In the records below, find the line with "dây lò xo thông" and the line with "bordslampa med vågig". Print both exactly, along with every line between them, and no other line.

(Caption-style text data)
>>>>
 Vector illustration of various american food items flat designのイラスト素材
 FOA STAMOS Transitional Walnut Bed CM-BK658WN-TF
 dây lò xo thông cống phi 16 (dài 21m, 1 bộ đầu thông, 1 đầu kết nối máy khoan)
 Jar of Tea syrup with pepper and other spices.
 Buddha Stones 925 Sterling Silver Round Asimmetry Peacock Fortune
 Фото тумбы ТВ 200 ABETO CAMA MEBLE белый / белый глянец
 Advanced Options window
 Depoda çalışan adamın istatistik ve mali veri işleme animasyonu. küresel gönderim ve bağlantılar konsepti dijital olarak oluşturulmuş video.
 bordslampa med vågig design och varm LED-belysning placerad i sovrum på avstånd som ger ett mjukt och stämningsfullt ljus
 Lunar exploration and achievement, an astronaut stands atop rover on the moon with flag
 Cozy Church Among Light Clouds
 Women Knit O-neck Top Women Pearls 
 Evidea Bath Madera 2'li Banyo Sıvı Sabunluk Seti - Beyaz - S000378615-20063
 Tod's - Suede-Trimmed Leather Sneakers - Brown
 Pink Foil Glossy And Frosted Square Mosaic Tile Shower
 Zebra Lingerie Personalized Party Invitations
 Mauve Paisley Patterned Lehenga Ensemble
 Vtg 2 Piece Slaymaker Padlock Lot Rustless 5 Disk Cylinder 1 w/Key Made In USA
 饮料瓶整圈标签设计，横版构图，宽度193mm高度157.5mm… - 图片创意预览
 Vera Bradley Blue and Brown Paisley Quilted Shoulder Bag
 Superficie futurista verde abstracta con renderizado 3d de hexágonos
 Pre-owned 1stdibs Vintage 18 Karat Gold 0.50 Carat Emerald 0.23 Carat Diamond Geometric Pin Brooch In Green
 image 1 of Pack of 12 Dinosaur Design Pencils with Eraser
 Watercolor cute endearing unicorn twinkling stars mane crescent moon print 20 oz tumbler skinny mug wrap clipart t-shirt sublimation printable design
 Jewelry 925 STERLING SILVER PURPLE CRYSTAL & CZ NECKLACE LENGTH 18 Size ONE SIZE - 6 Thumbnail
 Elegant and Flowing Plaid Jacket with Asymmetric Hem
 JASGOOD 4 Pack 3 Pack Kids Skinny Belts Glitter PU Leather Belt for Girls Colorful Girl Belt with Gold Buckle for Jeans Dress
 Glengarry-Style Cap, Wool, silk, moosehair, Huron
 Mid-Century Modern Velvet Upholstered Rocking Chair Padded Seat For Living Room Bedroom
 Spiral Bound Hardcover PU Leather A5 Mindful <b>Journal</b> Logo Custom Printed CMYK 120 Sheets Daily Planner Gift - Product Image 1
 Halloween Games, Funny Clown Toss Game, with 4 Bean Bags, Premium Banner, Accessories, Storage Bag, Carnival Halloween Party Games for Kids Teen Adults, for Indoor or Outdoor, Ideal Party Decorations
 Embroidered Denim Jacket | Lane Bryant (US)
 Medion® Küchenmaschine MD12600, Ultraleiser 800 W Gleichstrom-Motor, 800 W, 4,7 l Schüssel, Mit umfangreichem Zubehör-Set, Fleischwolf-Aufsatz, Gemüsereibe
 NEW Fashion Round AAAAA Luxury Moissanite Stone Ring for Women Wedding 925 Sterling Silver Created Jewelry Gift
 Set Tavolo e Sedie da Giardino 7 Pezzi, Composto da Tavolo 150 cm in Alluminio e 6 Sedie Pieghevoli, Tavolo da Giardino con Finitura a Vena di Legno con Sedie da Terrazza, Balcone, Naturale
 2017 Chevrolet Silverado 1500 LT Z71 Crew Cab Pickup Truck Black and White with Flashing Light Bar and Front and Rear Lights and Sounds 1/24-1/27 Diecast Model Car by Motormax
<<<<
Result for this exercise ▸
 dây lò xo thông cống phi 16 (dài 21m, 1 bộ đầu thông, 1 đầu kết nối máy khoan)
 Jar of Tea syrup with pepper and other spices.
 Buddha Stones 925 Sterling Silver Round Asimmetry Peacock Fortune
 Фото тумбы ТВ 200 ABETO CAMA MEBLE белый / белый глянец
 Advanced Options window
 Depoda çalışan adamın istatistik ve mali veri işleme animasyonu. küresel gönderim ve bağlantılar konsepti dijital olarak oluşturulmuş video.
 bordslampa med vågig design och varm LED-belysning placerad i sovrum på avstånd som ger ett mjukt och stämningsfullt ljus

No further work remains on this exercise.